#### Material provided

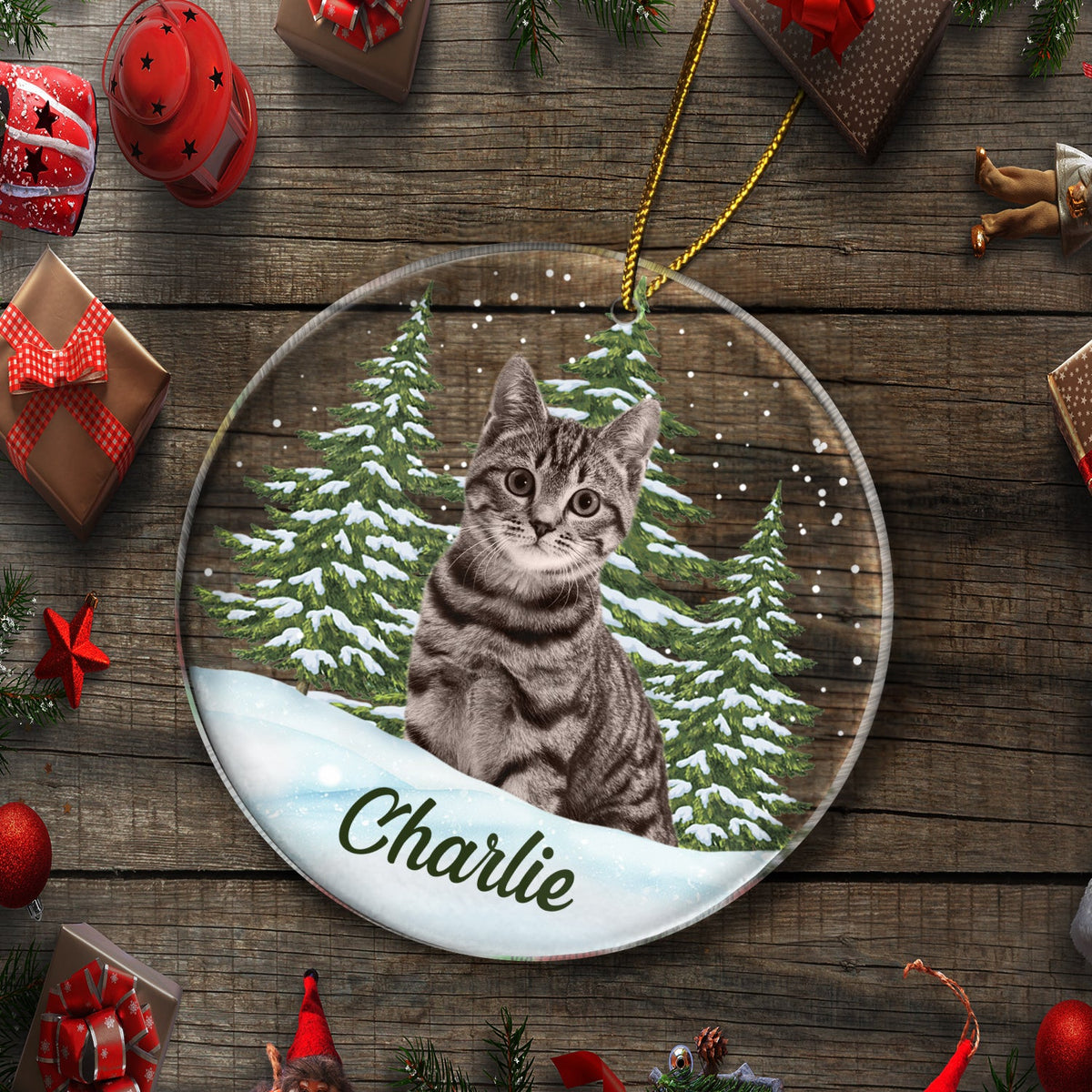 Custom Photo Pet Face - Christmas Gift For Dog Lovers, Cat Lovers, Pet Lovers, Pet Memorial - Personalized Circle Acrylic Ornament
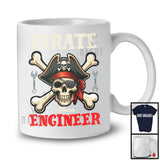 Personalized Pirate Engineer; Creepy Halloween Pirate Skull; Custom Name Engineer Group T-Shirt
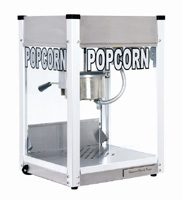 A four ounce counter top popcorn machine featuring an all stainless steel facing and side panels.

########
#### Material provided

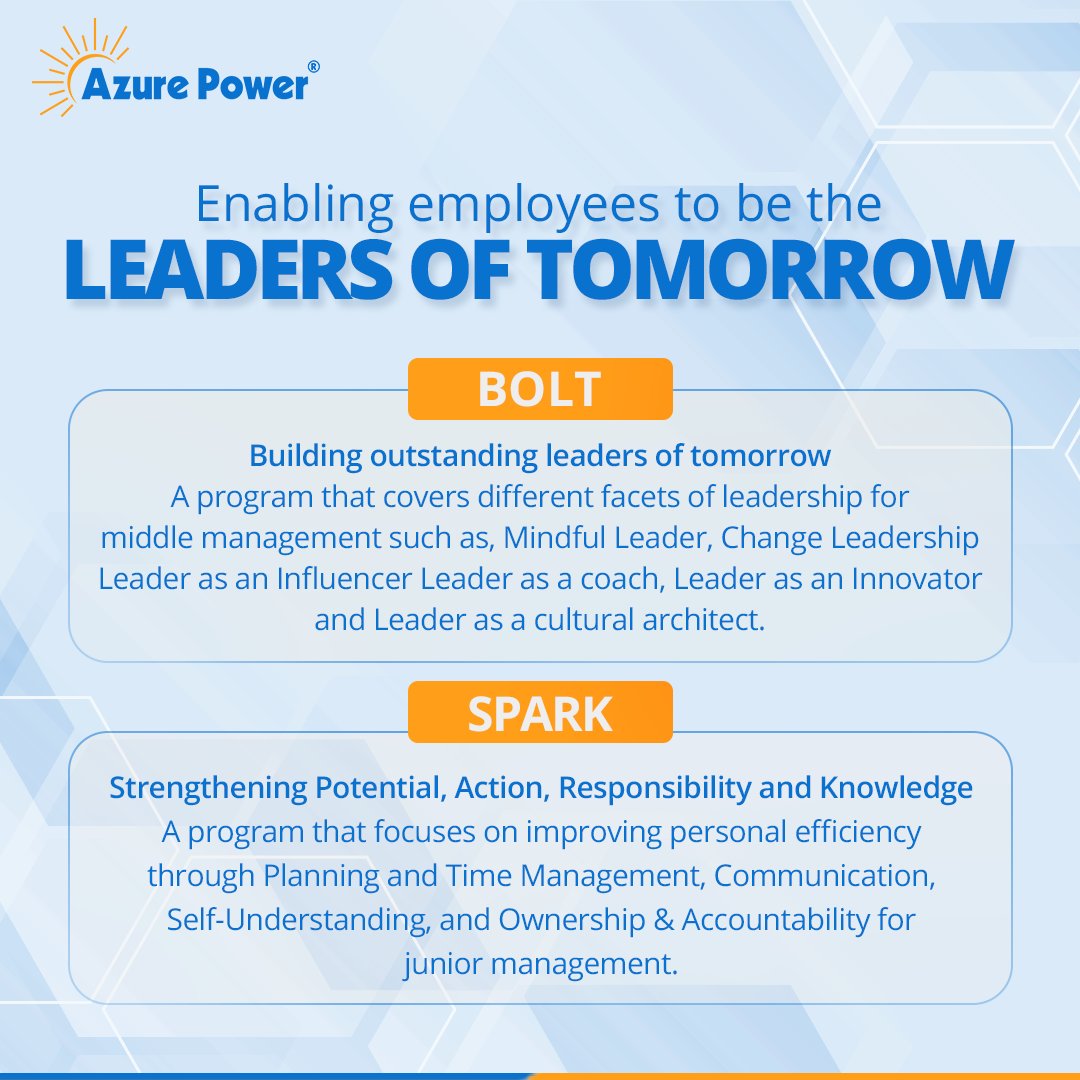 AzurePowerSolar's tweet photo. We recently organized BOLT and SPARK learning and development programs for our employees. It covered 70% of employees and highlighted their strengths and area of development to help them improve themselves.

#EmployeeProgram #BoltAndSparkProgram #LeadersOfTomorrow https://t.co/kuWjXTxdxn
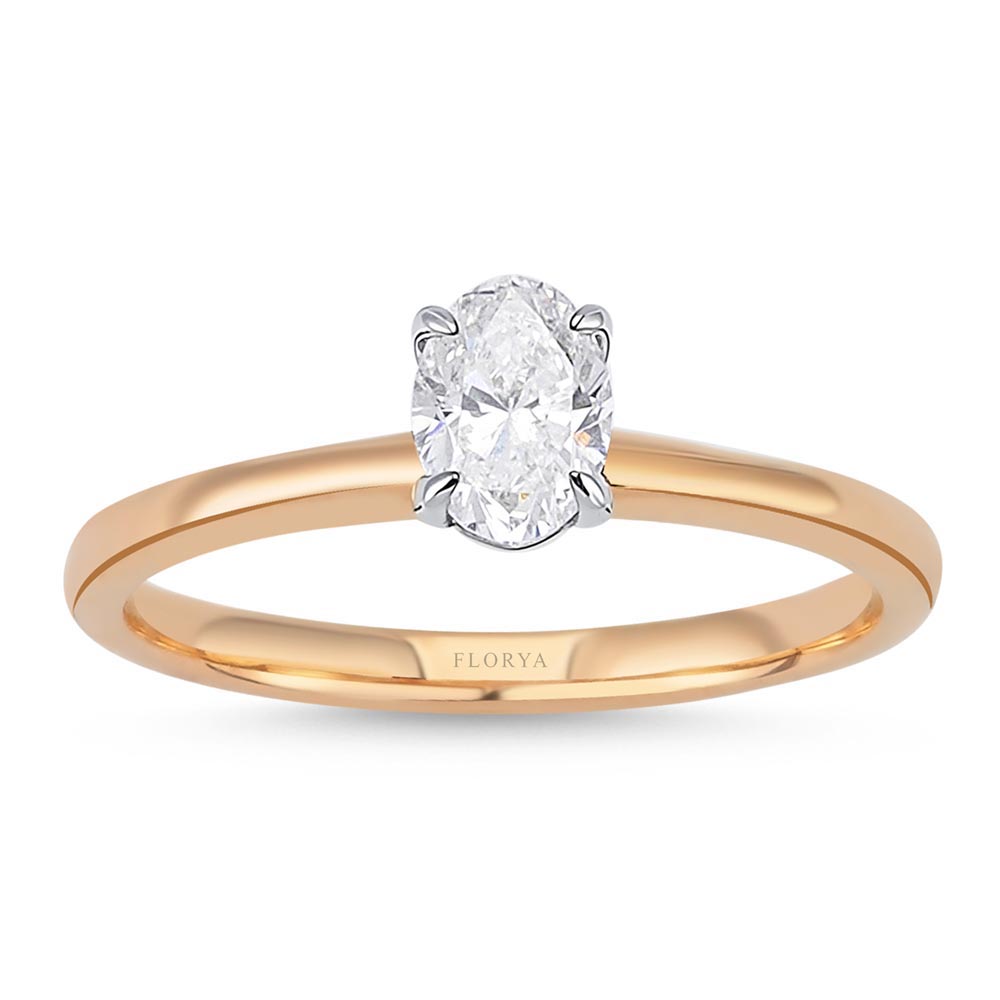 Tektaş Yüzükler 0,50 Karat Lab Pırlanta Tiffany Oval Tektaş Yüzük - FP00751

########

# What is needed
Print exactly the lines above that run from the one with "AzurePowerSolar's tweet photo." to the one with "Tektaş Yüzükler 0,50", both included. No pictures.

# Expected output
 AzurePowerSolar's tweet photo. We recently organized BOLT and SPARK learning and development programs for our employees. It covered 70% of employees and highlighted their strengths and area of development to help them improve themselves.

#EmployeeProgram #BoltAndSparkProgram #LeadersOfTomorrow https://t.co/kuWjXTxdxn
 Tektaş Yüzükler 0,50 Karat Lab Pırlanta Tiffany Oval Tektaş Yüzük - FP00751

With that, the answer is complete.